▶ What you will do
When you transcribe the listing that follows, keep every line exact and skip any picture.

▶ Exercise data

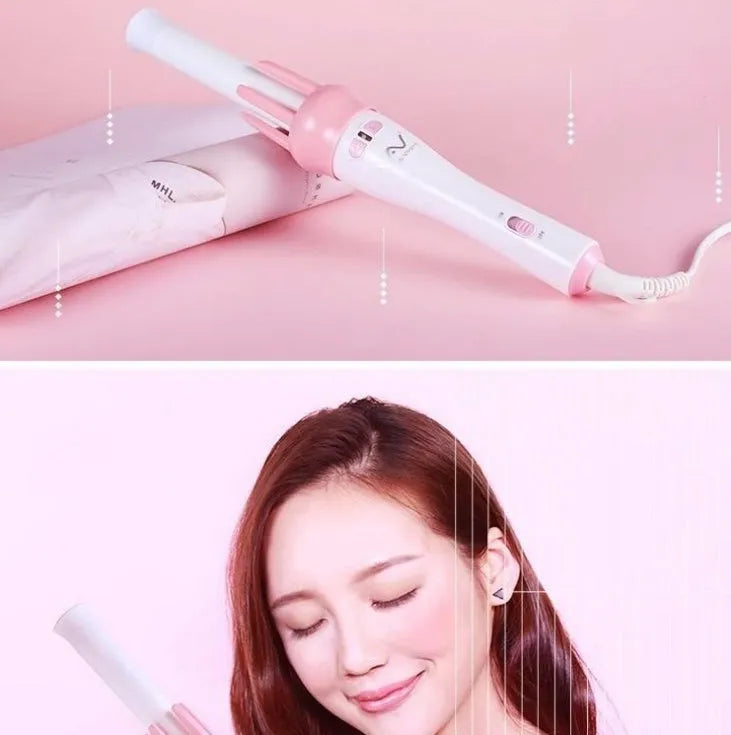 Rotating curling iron with tourmaline ceramic 21mm-30mm barrel for wet and dry hair styling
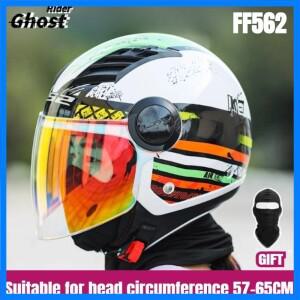 여름 오픈 페이스 오토바이 헬멧 남녀 모토크로스 3/4 하프 페이스 헬멧 오리지널 오토바이 액세서리 OF562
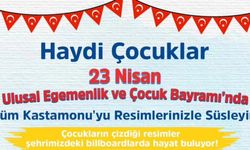 Kastamonulu çocuklar 23 Nisan’a renk katacak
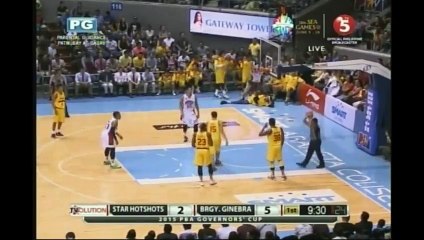 Ginebra vs Purefoods Star Hotshots 1st Quarter Governor's Cup June 7,2015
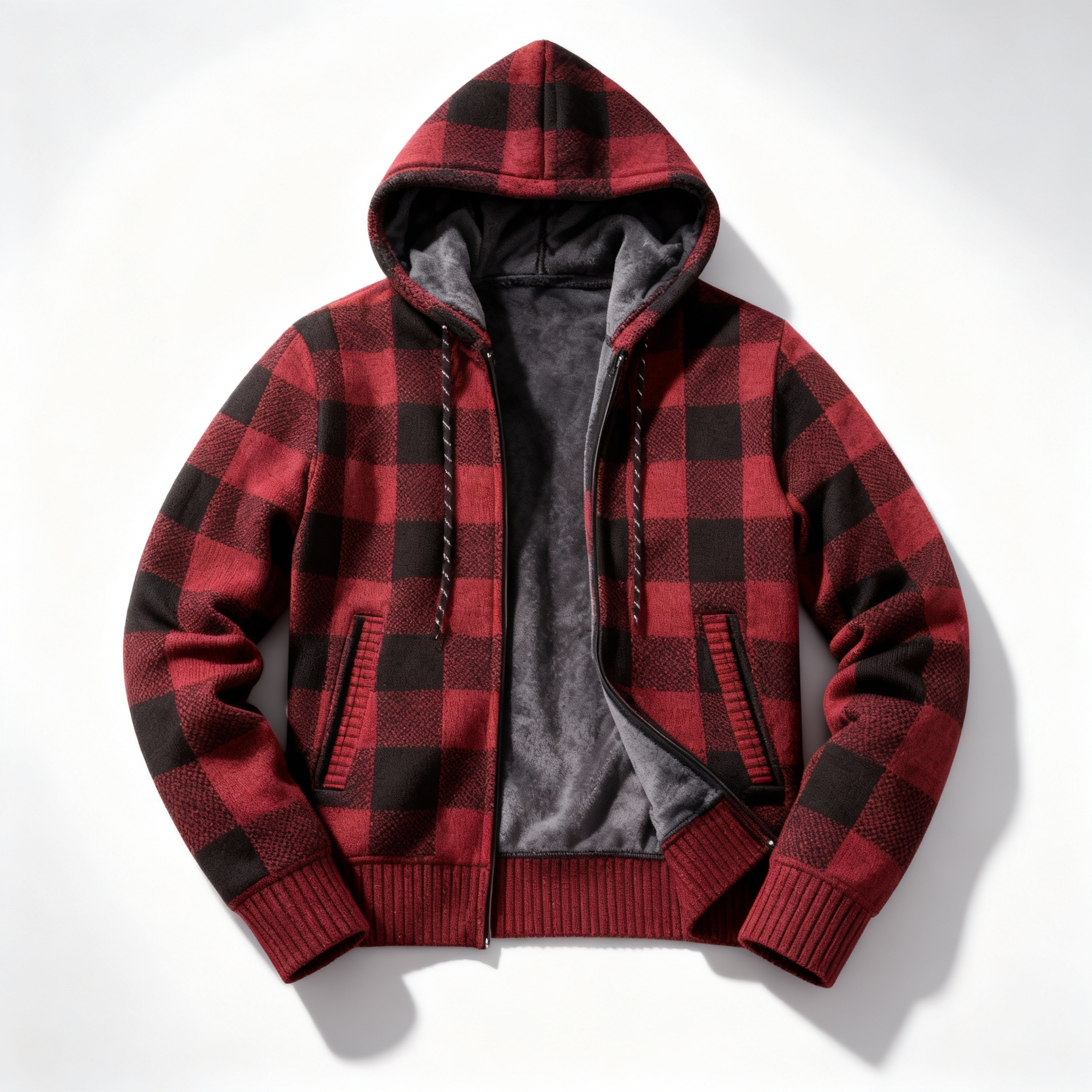 Hawthorn Plaid Fleece Hoodie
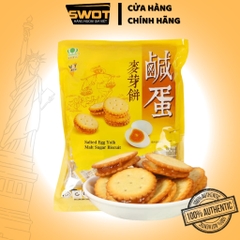 Bánh quy nhân trứng muối Đài Loan 500g, Bánh quy Đài Loan cao cấp, giòn béo mặn ngọt thơm ngon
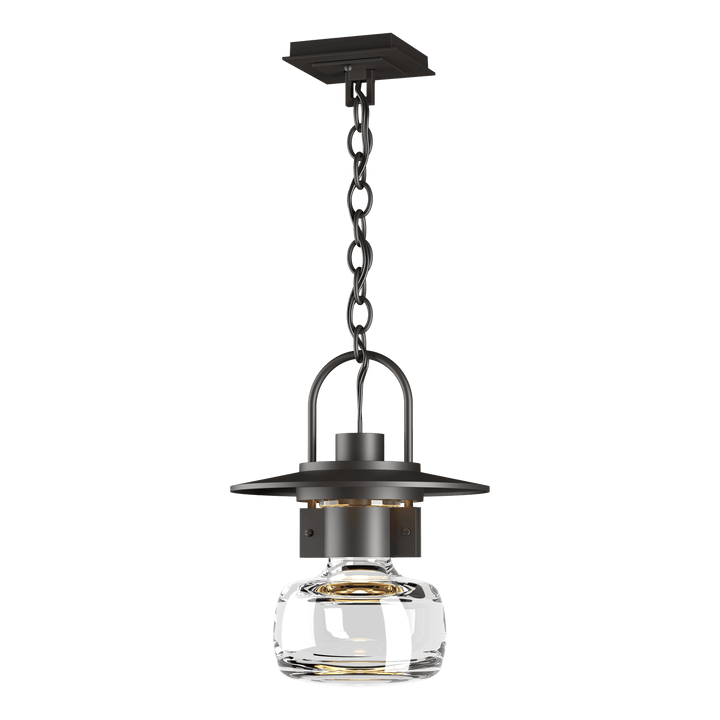 Hubbardton Forge Mason Large Outdoor Ceiling Fixture Outdoor Wall Lights Hubbardton Forge Coastal Oil Rubbed Bronze Clear Glass (ZM) 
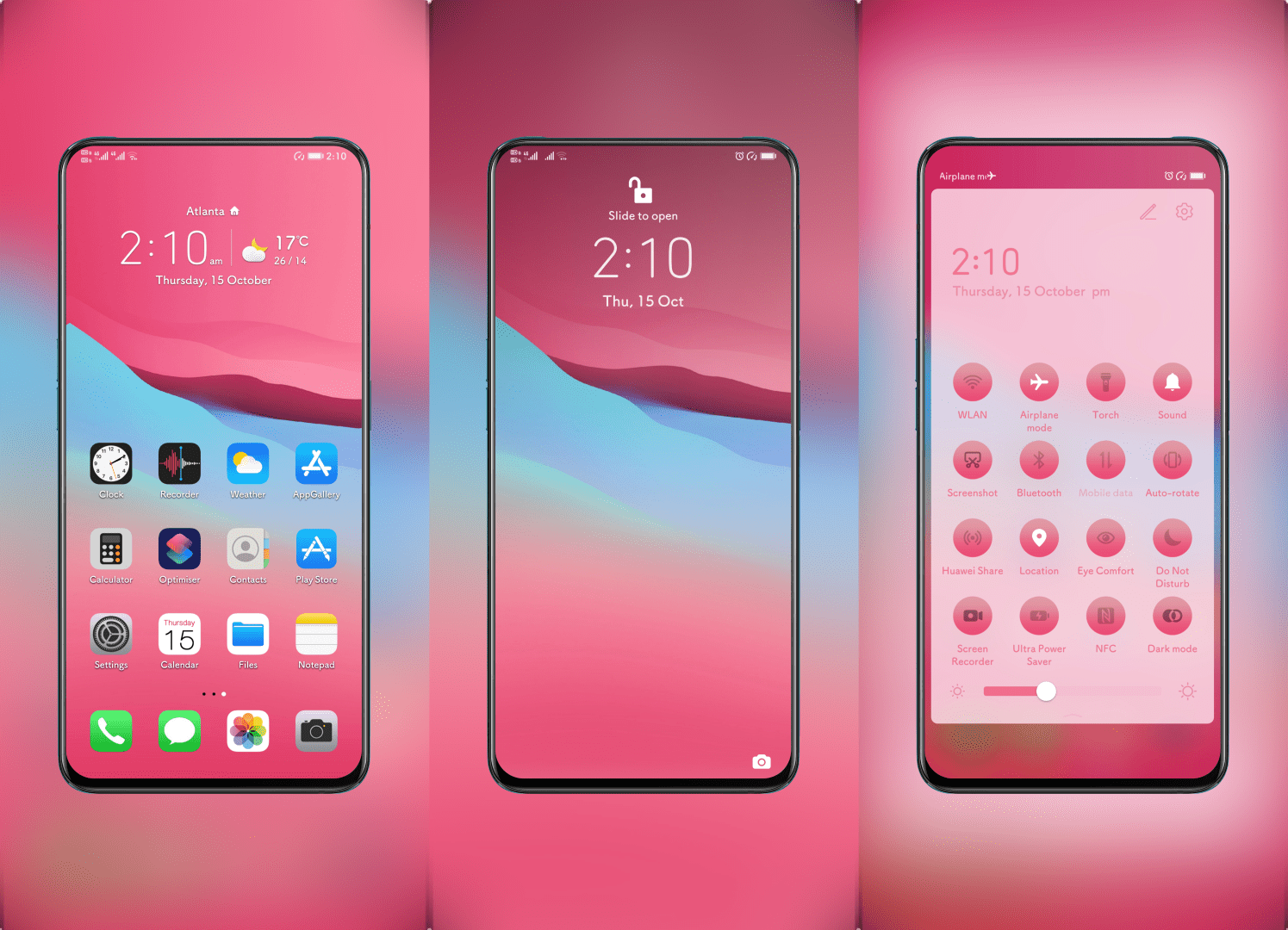 iBlue 12 and iRed 12 EMUI Theme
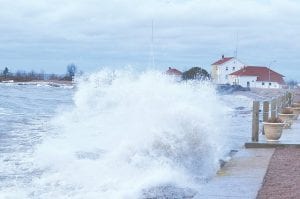 Spring storms may bring irritating mud, but they also bring beautiful displays of the power of Lake Superior. Kathleen Gray-Anderson of Grand Marais braved the high winds and took some exciting storm photos on the east bay of Grand Marais on April 11.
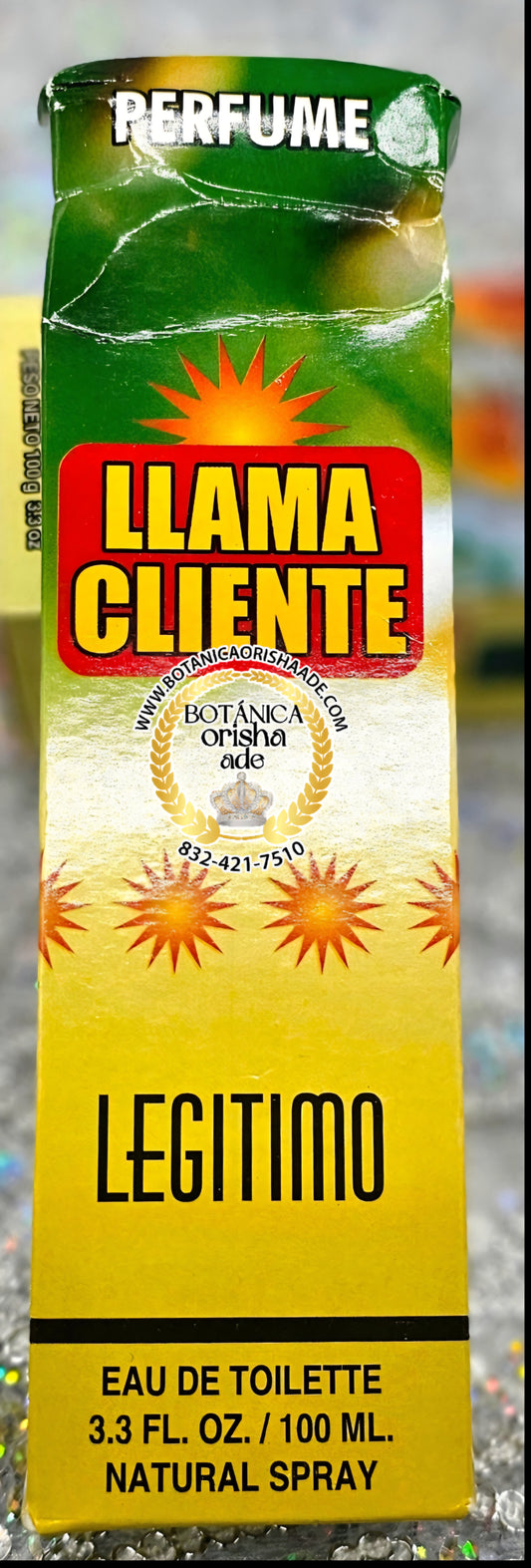 PERFUME LLAMA CLIENTE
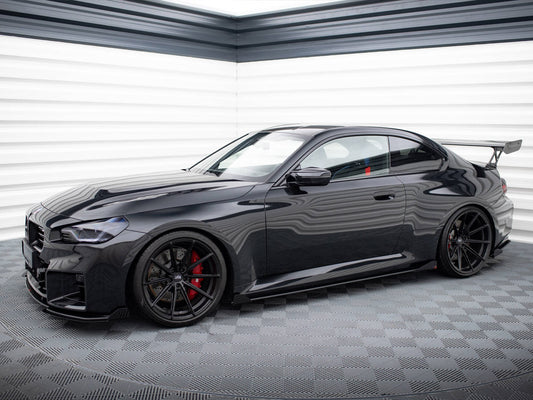 Street PRO Side Skirts Diffusers V1 + Flaps - BMW M2 G87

▶ Problem solution
 Rotating curling iron with tourmaline ceramic 21mm-30mm barrel for wet and dry hair styling
 여름 오픈 페이스 오토바이 헬멧 남녀 모토크로스 3/4 하프 페이스 헬멧 오리지널 오토바이 액세서리 OF562
 Kastamonulu çocuklar 23 Nisan’a renk katacak
 Ginebra vs Purefoods Star Hotshots 1st Quarter Governor's Cup June 7,2015
 Hawthorn Plaid Fleece Hoodie
 Bánh quy nhân trứng muối Đài Loan 500g, Bánh quy Đài Loan cao cấp, giòn béo mặn ngọt thơm ngon
 Hubbardton Forge Mason Large Outdoor Ceiling Fixture Outdoor Wall Lights Hubbardton Forge Coastal Oil Rubbed Bronze Clear Glass (ZM) 
 iBlue 12 and iRed 12 EMUI Theme
 Spring storms may bring irritating mud, but they also bring beautiful displays of the power of Lake Superior. Kathleen Gray-Anderson of Grand Marais braved the high winds and took some exciting storm photos on the east bay of Grand Marais on April 11.
 PERFUME LLAMA CLIENTE
 Street PRO Side Skirts Diffusers V1 + Flaps - BMW M2 G87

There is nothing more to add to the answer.